TASK TO CARRY OUT —
Return each line, exactly as given, from the one containing "بگو هنوز هیچی از زندگی ندیدم" through the end of the entries below, and skip the rest.

INPUT RECORDS —
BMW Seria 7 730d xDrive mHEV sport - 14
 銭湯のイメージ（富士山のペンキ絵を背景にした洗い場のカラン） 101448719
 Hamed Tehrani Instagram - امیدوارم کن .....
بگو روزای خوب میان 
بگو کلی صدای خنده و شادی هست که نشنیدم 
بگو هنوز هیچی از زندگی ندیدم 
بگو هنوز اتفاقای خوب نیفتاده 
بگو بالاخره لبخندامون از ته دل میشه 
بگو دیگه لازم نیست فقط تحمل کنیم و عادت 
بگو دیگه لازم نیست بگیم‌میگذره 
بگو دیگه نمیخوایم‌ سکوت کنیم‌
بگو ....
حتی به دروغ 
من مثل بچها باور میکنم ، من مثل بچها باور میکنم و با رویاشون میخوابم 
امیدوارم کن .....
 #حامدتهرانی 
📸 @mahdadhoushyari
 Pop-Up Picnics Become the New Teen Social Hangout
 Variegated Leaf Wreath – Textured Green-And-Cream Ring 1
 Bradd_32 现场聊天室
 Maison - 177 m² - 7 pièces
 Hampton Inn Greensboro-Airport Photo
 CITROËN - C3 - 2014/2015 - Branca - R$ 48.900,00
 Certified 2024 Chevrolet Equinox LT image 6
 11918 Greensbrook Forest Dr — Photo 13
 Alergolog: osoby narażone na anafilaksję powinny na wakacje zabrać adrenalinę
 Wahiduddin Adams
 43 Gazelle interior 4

OUTPUT OF THE TASK —
بگو هنوز هیچی از زندگی ندیدم 
بگو هنوز اتفاقای خوب نیفتاده 
بگو بالاخره لبخندامون از ته دل میشه 
بگو دیگه لازم نیست فقط تحمل کنیم و عادت 
بگو دیگه لازم نیست بگیم‌میگذره 
بگو دیگه نمیخوایم‌ سکوت کنیم‌
بگو ....
حتی به دروغ 
من مثل بچها باور میکنم ، من مثل بچها باور میکنم و با رویاشون میخوابم 
امیدوارم کن .....
 #حامدتهرانی 
📸 @mahdadhoushyari
 Pop-Up Picnics Become the New Teen Social Hangout
 Variegated Leaf Wreath – Textured Green-And-Cream Ring 1
 Bradd_32 现场聊天室
 Maison - 177 m² - 7 pièces
 Hampton Inn Greensboro-Airport Photo
 CITROËN - C3 - 2014/2015 - Branca - R$ 48.900,00
 Certified 2024 Chevrolet Equinox LT image 6
 11918 Greensbrook Forest Dr — Photo 13
 Alergolog: osoby narażone na anafilaksję powinny na wakacje zabrać adrenalinę
 Wahiduddin Adams
 43 Gazelle interior 4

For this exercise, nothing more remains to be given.